TASK DESCRIPTION - Return an exact copy of the entries, skipping any picture you find.

Captioned web image data -
====
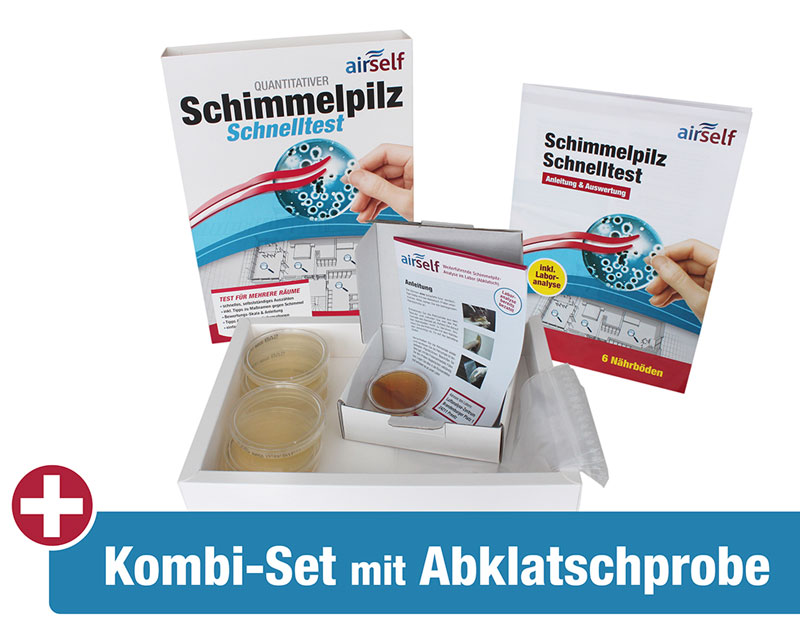 2-in-1 Schimmeltest Abklatsch (Kombi) 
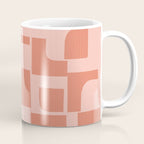 Abstract in tomato red and pink Coffee Mug Gallery Image 1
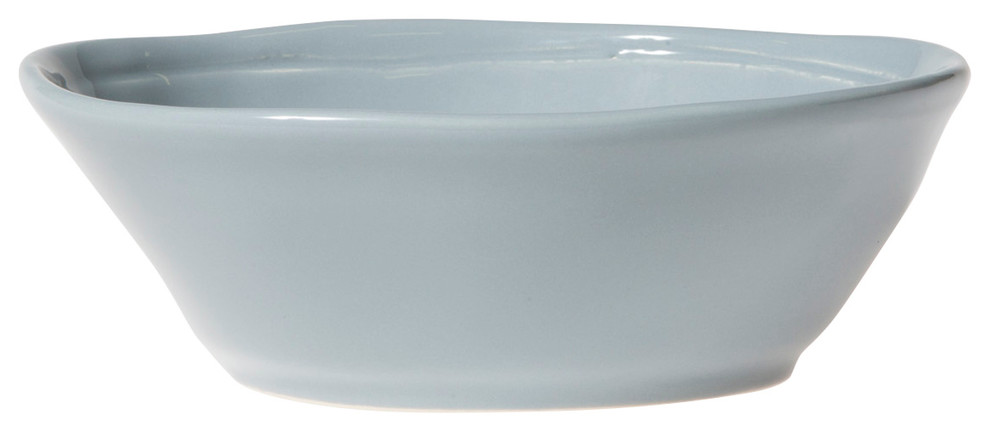 Fresh Gray Small Oval Bowl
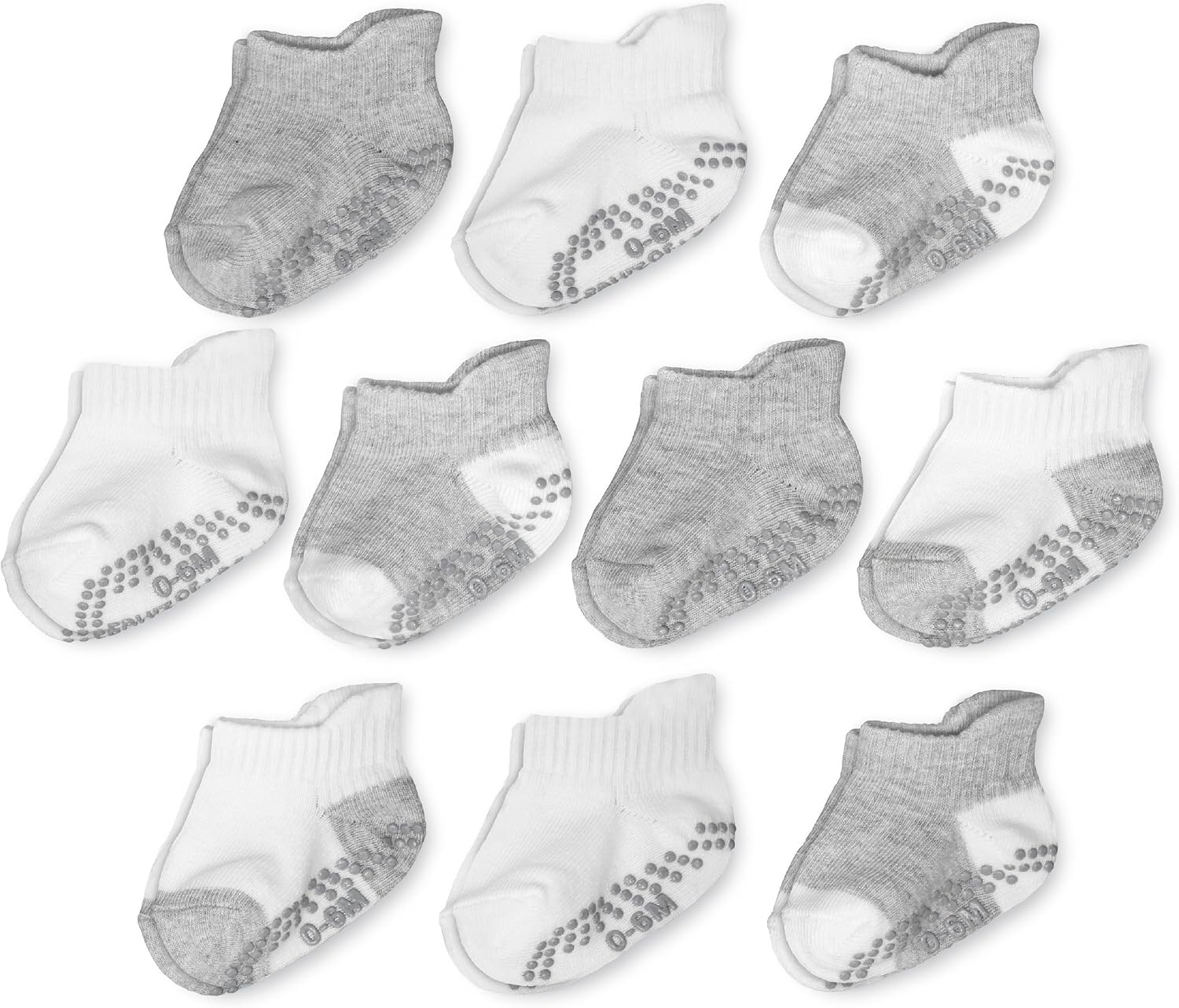 Fruit of the Loom Cotton Grip Socks for Baby and Toddler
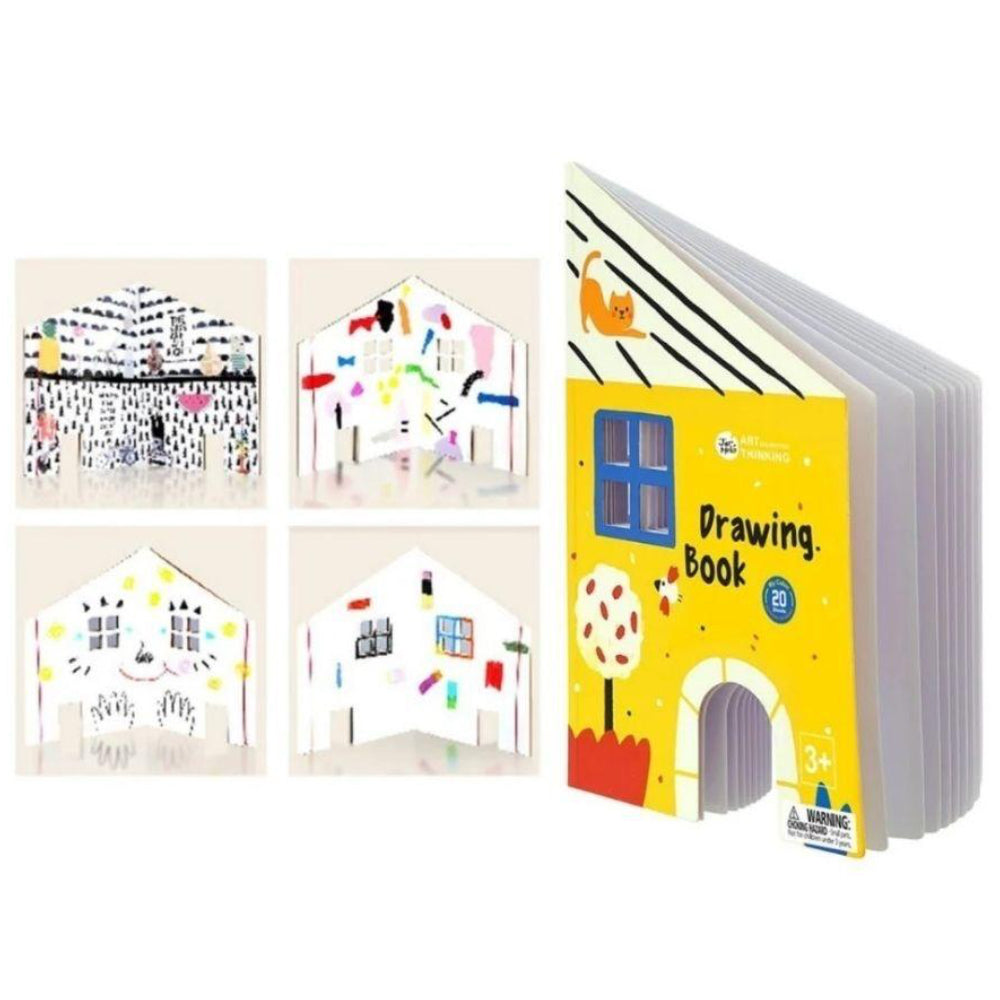 Cuadernos de dibujo ¡con forma de casita!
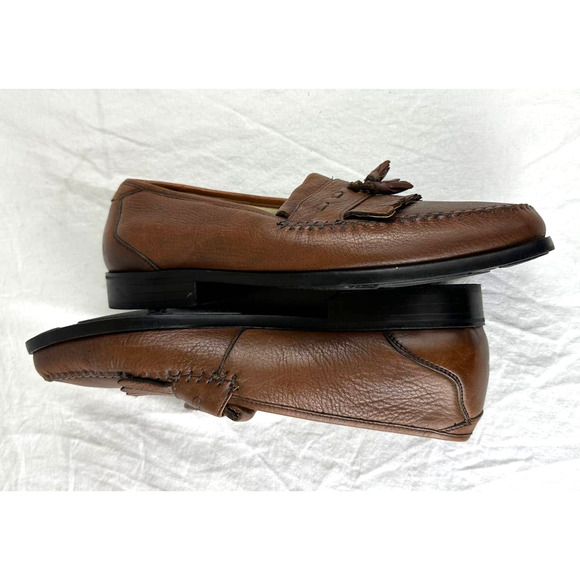 Nunn Bush Leather Tassle Loafers Brown Men's Size 12M - Picture 7 of 8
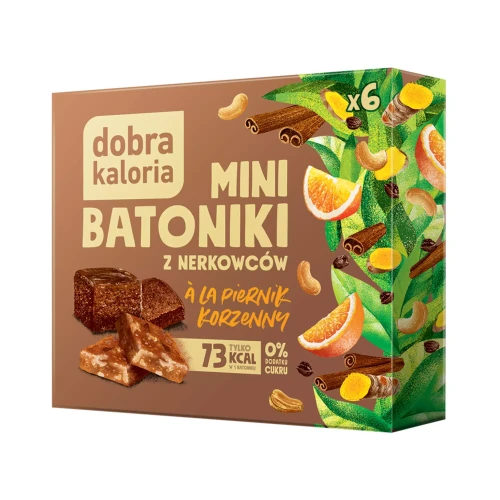 Mini batoniki z nerkowców ALA piernik korzenny Dobra Kaloria.webp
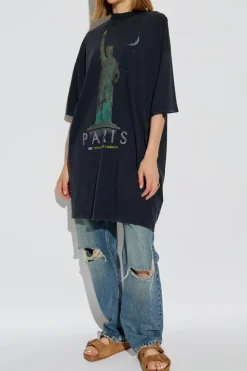 Balenciaga BLUE Jeans with a `vintage` effect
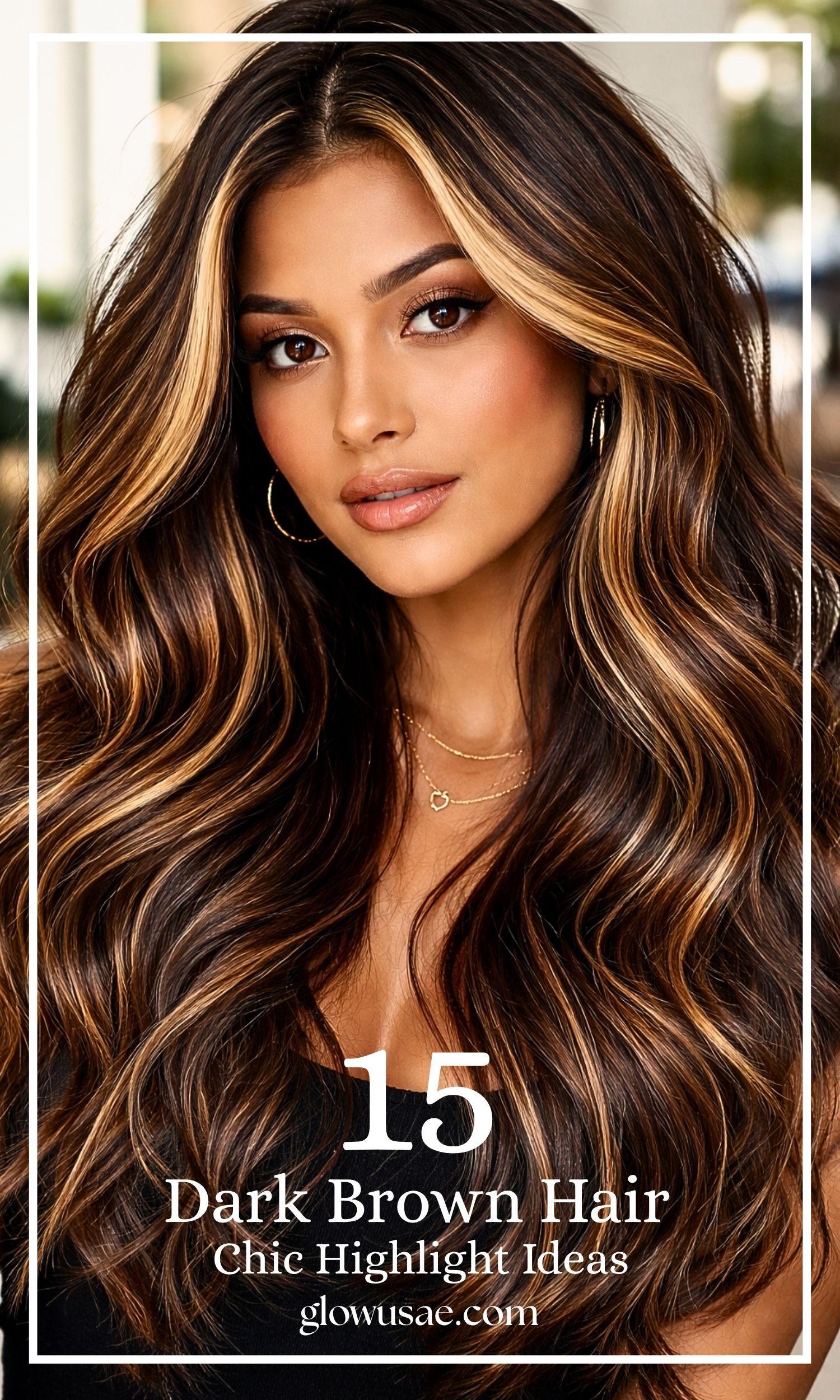 Chic Highlight Ideas for Dark Brown Hair: Fresh Looks You’ll Love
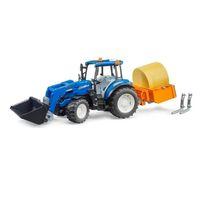Eğitici Oyuncak Bruder New Holland T5 120 Kepçeli Ataşman Setli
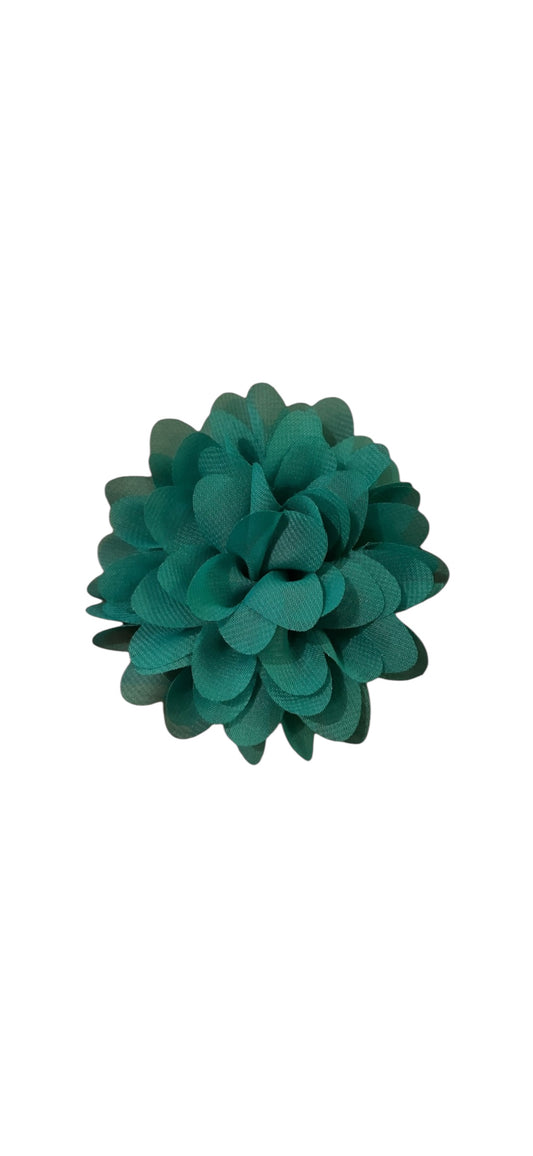 Dahlia Flower Hair Clip - Green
====
SOLUTION TO THE PROBLEM -
 2-in-1 Schimmeltest Abklatsch (Kombi) 
 Abstract in tomato red and pink Coffee Mug Gallery Image 1
 Fresh Gray Small Oval Bowl
 Fruit of the Loom Cotton Grip Socks for Baby and Toddler
 Cuadernos de dibujo ¡con forma de casita!
 Nunn Bush Leather Tassle Loafers Brown Men's Size 12M - Picture 7 of 8
 Mini batoniki z nerkowców ALA piernik korzenny Dobra Kaloria.webp
 Balenciaga BLUE Jeans with a `vintage` effect
 Chic Highlight Ideas for Dark Brown Hair: Fresh Looks You’ll Love
Eğitici Oyuncak Bruder New Holland T5 120 Kepçeli Ataşman Setli
 Dahlia Flower Hair Clip - Green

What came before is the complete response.